The word cure comes from the Latin cura meaning care, concern or attention. The current use of the word cure is believed to reflect the belief that the right care, concern and attention were tantamount to a cure.

Me thinks the good doctor might want to reread his Latin definition for "cura".

"Strange that he thinks seizures, deafness, blindness, etc. etc. are not issues. Must have a 2 month online medical degree."

"Apparently this Dr. never had a family member have this experience..I am 20 months since surgery and deal with sensory and language issues that have completely turned my life in side out. still trying to figure out who I am."

"Really did he ACTUALLY type cured?????"

"I only wish that was true. I am still struggling almost a year after the mass was removed."

"I really wish that was true.. My surgery was almost 2 years ago , I am still having set backs!!!!"

"It is beyond irresponsible for a NS who sees himself as The Great Educator to spread this kind of misinformation when research on this incurable, unpreventable disease is grossly underfunded. To be honest, when I read his tweet I threw up a little bit, in my mouth.

The degree of ignorance about M's amongst NS's is just so frustrating. We see the results of it...day after day with patients being told their symptoms have nothing to do with their brain tumor. What is going on in medical schools? Are they using outdated textbooks? Is it because M's aren't sexy-exciting like lethal GBM's? Is it because they think it's "a women's disease" so they don't care? All of the above?

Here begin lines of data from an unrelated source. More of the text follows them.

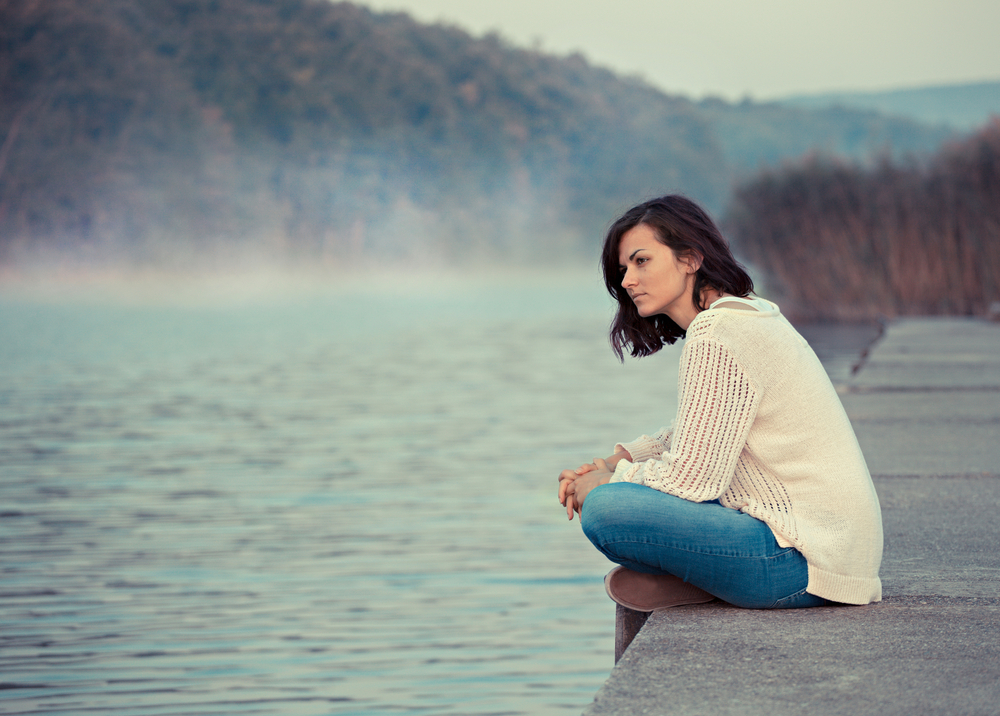 Woman sits on a dock thinking by the water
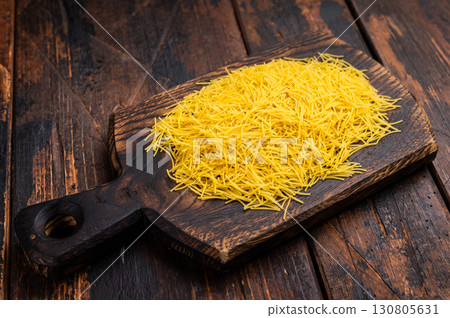 Vermicelli pasta, Raw uncooked on a wooden board. black background. top view 130805631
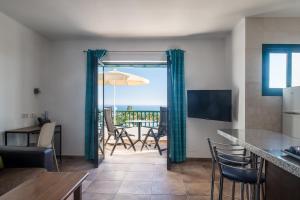 a living room with a kitchen and a table with chairs at Apartamentos Villa Canaima in Puerto del Carmen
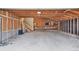 Spacious garage with exposed beam ceiling and a staircase to an upper level at 2978 Robb Cir, Lakewood, CO 80215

We have to fight misinformation at every turn, and with ignorance so prevalent it does get tiresome sometimes, but this one, (from the NS who almost became US Surgeon General no less!) is particularly egregious."

"Walk a mile in our meningioma moccasins."

I can finally say...

Whoooooooooooooooooooo hoooooooooooooooooooooooooooooooo! I'm a 10-year meningioma brain tumor survivor.

Ten years ago today I was granted a second chance at life. This sums it all up.